Bitwise operations are performed on ints

bits We had an interesting situation recently, where someone (not from our team) used the following piece of code to set to zero the first bit a byte value:

[code language=”cpp”]unsigned char func(unsigned char input)
{
unsigned char result = input << 1 >> 1;
return result;
}[/code]

This won’t work. Why? It’s simple. All bitwise operations performed on values smaller than an integer are by default performed on integers, 32bits. This may sound silly, but actually it isn’t.

Current processors are usually optimized for 32bit operations, even the 64bit ones. We might be tempted to say that 32bits are enough for everyone. Of course, they are not enough, but for most needs, 32 bit integers will do. So it makes perfect sense to optimize most operations for 4 bytes integers.

What happens if you only try to use one byte? Well, most compilers will probably optimize your code by hiding your byte inside an int, and align it properly at 4-bytes boundary, because fetching from memory is a lot easier if the memory access is aligned to 4, 8 or even 16 bytes boundary. This is why when using the sizeof operator on the following structure:

[code language=”cpp”]struct {
unsigned char a;
int b;
} y;
[/code]

the result will be 8 instead of 5, as one might expect.

As a cautionary tale, for performance reasons, bitwise operations are usually performed on 32 bit integers if not specified otherwise. So the code that we showed initially will fail, returning the same value it received as a parameter. Instead, a normal implementation of the code would be:

[code language=”cpp”]unsigned char func(unsigned char input)
{
unsigned char result = input & 0x7F;
return result;
}[/code]

Why am I telling you all these? Well, I think it’s an important thing to have in mind when doing bitwise operations. From my experience this happens under C, C++ and C#, I suspect Java would behave in a similar way; it makes sense for the managed languages to copy the C/C++ behavior, as they probably translate the code in one simple machine-code statement, instead of implementing more fancy restrictions.
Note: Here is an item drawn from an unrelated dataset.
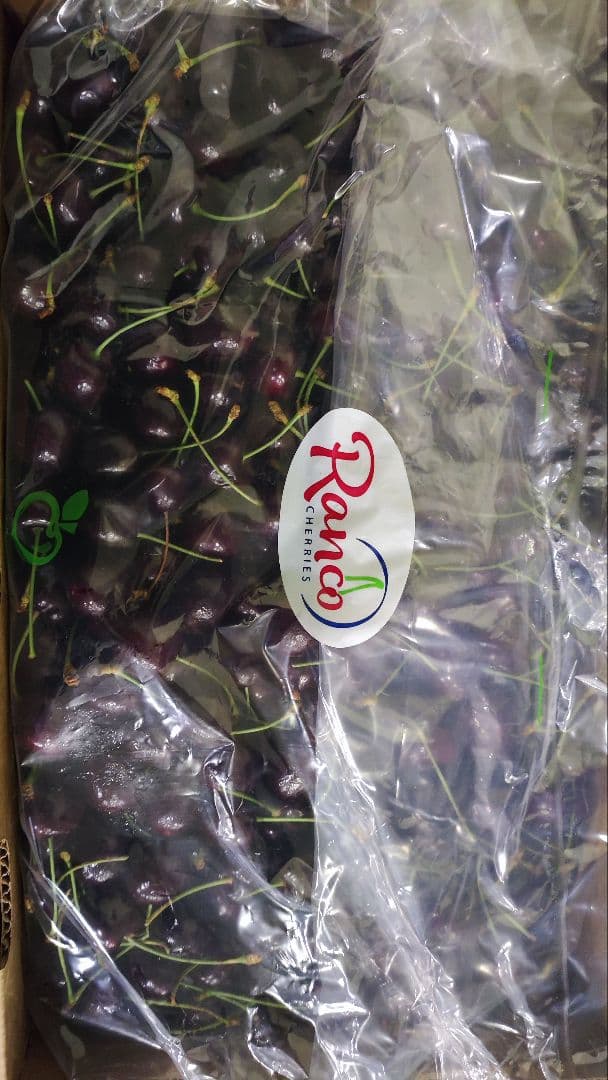 オーストラリア産　チェリー　5キロ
Also, I’m probably telling you this because it’s well known that chicks dig bitwise operators.

The picture is from this quite insightful article about bits and bytes.

Comments

Bitwise operations are performed on ints — 3 Comments

  1. why would somebody play with the bits of a char in the first place? a char is a char … a byte is a byte …

    • unsigned char is 1 byte. Unless you have a favorite language that has ‘unsigned char’ as type, and has this unsigned char on two bytes.